The incursions into culture extend beyond co-branded products. In Newburgh, New York, on a hillside overlooking the Hudson River, sits Wolfhouse, a jewel of midcentury-modern design tucked into an unassuming neighborhood. The home was designed by Philip Johnson, the iconic and controversial architect behind New Canaan, Connecticut’s historic Glass House, and built in 1949. In 2020 creative directors Jiminie Ha and Jeremy Parker purchased Wolfhouse in a state of disrepair, and they undertook an extensive restoration before opening it as a short-term rental and arts space in 2023. Following floor plans they found at Columbia University’s architecture library, Ha and Parker were able to rehab the house back to its original condition. Except, in one room, they swerved. The kitchen was renovated in collaboration with USM, using all upcycled parts to build custom cabinetry and shelving. It’s one of the most striking features of the entire remarkable project and serves as an example of how versatile and utilitarian USM can be.

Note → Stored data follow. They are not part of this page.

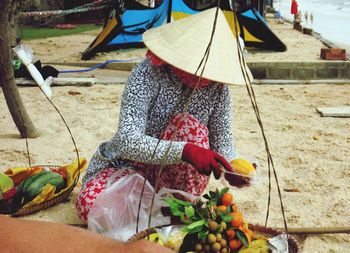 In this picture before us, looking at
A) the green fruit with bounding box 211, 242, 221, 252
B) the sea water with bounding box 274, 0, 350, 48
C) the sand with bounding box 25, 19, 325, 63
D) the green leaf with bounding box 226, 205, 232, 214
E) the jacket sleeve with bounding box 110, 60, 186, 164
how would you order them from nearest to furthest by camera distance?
the green fruit with bounding box 211, 242, 221, 252 → the green leaf with bounding box 226, 205, 232, 214 → the jacket sleeve with bounding box 110, 60, 186, 164 → the sand with bounding box 25, 19, 325, 63 → the sea water with bounding box 274, 0, 350, 48

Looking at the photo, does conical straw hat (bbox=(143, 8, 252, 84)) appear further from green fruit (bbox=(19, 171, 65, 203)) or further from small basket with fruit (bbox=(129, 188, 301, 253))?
green fruit (bbox=(19, 171, 65, 203))

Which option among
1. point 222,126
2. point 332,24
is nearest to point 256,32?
point 222,126

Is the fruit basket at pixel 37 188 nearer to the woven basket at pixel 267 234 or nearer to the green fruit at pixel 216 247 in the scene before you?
the woven basket at pixel 267 234

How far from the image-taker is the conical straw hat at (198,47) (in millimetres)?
1888

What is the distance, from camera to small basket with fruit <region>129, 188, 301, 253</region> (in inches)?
67.6

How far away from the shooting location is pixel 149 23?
25.5ft

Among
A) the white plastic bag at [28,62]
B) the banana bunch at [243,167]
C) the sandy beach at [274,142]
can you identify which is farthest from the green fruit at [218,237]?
the white plastic bag at [28,62]

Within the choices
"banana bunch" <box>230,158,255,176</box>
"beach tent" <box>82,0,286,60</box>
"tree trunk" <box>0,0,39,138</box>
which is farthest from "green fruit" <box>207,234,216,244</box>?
"beach tent" <box>82,0,286,60</box>

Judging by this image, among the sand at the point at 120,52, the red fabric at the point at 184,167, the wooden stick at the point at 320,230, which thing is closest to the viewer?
the red fabric at the point at 184,167

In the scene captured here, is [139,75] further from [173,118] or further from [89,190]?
[89,190]

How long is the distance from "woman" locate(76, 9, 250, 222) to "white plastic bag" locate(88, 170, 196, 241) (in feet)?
0.19

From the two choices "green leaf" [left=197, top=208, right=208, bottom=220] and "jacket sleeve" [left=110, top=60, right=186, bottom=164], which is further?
"jacket sleeve" [left=110, top=60, right=186, bottom=164]

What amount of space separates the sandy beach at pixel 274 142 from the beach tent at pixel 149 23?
65.6 inches

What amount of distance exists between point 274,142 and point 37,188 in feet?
6.36
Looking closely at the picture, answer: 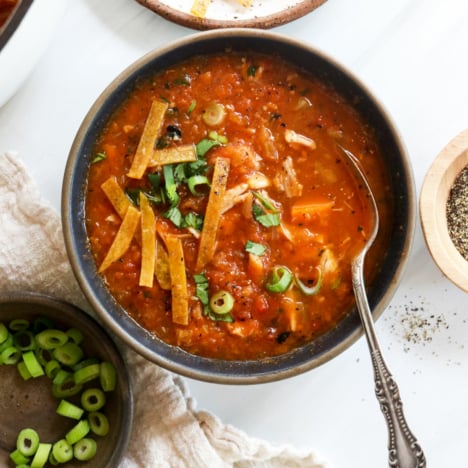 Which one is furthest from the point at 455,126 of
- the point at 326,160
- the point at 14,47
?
the point at 14,47

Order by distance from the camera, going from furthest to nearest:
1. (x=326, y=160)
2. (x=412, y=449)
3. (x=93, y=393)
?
(x=93, y=393), (x=326, y=160), (x=412, y=449)

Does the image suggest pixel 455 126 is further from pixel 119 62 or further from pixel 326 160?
pixel 119 62

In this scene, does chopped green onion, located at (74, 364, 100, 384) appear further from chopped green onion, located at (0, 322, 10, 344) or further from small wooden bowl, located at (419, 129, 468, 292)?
small wooden bowl, located at (419, 129, 468, 292)

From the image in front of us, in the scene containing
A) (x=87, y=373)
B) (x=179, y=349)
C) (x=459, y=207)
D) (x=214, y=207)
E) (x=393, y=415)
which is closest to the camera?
(x=393, y=415)

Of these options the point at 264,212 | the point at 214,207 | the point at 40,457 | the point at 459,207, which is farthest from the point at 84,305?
the point at 459,207

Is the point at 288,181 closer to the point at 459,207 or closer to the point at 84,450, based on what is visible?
the point at 459,207

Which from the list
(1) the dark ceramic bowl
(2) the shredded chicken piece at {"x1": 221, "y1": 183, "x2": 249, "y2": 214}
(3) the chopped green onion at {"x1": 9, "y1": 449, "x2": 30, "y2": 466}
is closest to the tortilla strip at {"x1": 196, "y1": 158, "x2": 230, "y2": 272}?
(2) the shredded chicken piece at {"x1": 221, "y1": 183, "x2": 249, "y2": 214}

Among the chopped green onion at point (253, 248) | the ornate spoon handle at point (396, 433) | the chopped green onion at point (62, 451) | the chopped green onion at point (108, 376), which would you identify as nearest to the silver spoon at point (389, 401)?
the ornate spoon handle at point (396, 433) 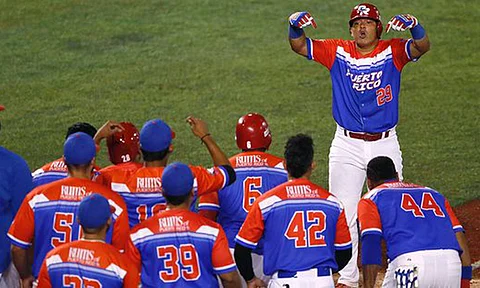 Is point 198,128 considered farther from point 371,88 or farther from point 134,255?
point 371,88

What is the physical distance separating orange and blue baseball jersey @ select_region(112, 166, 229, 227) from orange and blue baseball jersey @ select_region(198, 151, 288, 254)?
1.81 ft

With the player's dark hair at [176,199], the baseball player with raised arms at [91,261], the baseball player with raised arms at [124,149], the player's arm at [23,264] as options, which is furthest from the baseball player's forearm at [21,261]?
the player's dark hair at [176,199]

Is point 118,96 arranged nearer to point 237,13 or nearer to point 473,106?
point 237,13

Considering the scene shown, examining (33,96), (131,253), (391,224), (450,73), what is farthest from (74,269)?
(450,73)

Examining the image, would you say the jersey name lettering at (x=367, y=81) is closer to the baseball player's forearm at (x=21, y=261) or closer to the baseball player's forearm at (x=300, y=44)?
the baseball player's forearm at (x=300, y=44)

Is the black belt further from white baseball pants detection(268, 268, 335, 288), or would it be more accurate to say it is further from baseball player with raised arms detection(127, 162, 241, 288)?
baseball player with raised arms detection(127, 162, 241, 288)

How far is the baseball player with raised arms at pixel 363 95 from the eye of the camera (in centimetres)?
786

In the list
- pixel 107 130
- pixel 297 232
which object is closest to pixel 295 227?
pixel 297 232

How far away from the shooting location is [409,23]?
7.78m

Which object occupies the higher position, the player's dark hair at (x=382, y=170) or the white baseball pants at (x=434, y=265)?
the player's dark hair at (x=382, y=170)

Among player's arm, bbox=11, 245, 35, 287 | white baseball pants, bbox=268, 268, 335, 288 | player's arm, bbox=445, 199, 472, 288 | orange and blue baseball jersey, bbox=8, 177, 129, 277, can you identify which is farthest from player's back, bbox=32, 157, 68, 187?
player's arm, bbox=445, 199, 472, 288

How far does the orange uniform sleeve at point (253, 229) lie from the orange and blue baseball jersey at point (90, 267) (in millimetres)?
864

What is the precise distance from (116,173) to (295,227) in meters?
1.22

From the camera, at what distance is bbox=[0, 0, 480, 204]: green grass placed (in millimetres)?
11859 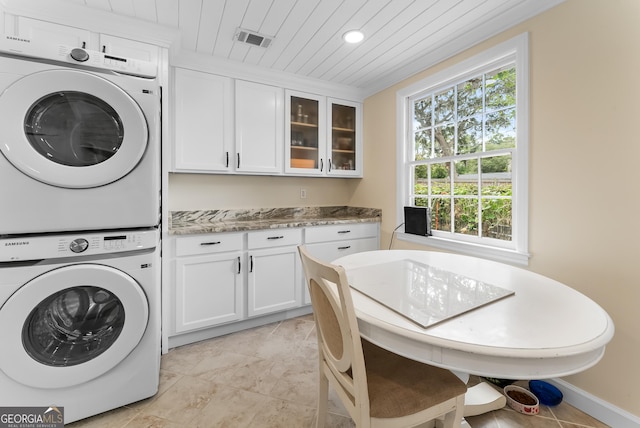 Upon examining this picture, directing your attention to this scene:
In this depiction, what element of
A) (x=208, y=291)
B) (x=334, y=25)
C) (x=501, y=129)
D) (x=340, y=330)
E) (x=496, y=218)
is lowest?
(x=208, y=291)

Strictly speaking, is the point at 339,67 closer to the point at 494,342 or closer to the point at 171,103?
the point at 171,103

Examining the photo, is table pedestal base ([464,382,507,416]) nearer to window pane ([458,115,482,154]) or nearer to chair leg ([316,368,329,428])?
chair leg ([316,368,329,428])

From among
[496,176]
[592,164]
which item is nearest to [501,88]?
[496,176]

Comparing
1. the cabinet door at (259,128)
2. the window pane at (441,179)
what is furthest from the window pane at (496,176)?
the cabinet door at (259,128)

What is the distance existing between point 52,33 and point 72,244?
1.45 meters

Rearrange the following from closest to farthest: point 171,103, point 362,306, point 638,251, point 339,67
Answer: point 362,306
point 638,251
point 171,103
point 339,67

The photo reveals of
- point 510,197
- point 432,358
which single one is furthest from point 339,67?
point 432,358

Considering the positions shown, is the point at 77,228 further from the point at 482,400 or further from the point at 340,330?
the point at 482,400

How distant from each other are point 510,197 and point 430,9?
1.37 m

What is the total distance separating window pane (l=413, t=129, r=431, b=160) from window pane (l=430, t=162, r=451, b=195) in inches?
5.8

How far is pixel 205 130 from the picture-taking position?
256 cm

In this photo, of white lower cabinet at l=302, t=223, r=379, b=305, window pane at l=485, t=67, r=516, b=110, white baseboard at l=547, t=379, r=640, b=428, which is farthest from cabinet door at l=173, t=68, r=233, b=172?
white baseboard at l=547, t=379, r=640, b=428

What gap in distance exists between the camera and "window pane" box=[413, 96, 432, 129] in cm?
269

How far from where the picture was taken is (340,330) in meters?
1.01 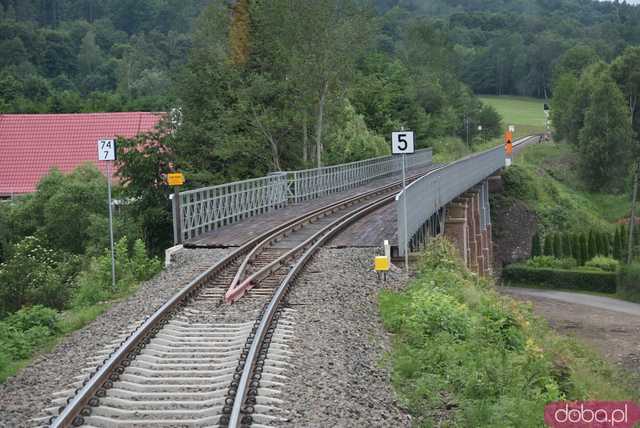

But the crown jewel of USM’s community–based approach to precision Swiss engineering is the permanent listening room that was installed at the USM New York City showroom in 2023 by artist, audio engineer, and Ojas founder Devon Turnbull. Housed in the Queen of Greene Street, a spectacular, historically significant cast-iron building in SoHo that USM has owned since 2001, the Ojas Listening Room is part art installation, part immersive hi-fi audio experience, and part community center. On Saturdays the public can experience one of Turnbull’s famous listening sessions, which he’s been hosting with similar installations at museums and galleries around the world. In the room, there is a massive floor-to-ceiling shelving unit full of records, books, and hi-fi ephemera; and on the ground, custom USM stands, cabinets, and carts show Turnbull’s Brutalist speakers, hand-built amps, and turntable—all of it rendered in a soothing shade of gray. “It’s not really about product collaboration,” says Thorson of the project. “It’s more about space, taking a boring, sleepy conference room and turning it into this really beautiful experience.”
Turnbull, a self-described major design nerd, tells me that he coveted USM for decades before finally, a few years ago, installing a large USM system in his home studio in Brooklyn. “It just elevated my whole studio. It’s such beautiful stuff,” he says. “The aesthetic is quite different from my work, but it hits on the same things in terms of being very utilitarian but very meticulously executed. It’s subtle to the point where maybe someone who has absolutely no awareness of design might just see a wall of shelves, because it’s not so explicitly decorative. But it just makes everything so much cleaner and tighter, and that’s why so many museums and architecture offices and those kinds of spaces gravitate toward it.”
Turnbull’s collaboration with Thorson and USM started with a simple and obvious goal: designing a unit that would showcase how USM’s specific dimensions are perfect for displaying records and stereo equipment. “Then it turned into this thing that is so much bigger and culturally impactful,” Turnbull says. “We get busy often and can’t entertain everyone—but the basic concept of it being a break room for the downtown creative community has been successful.”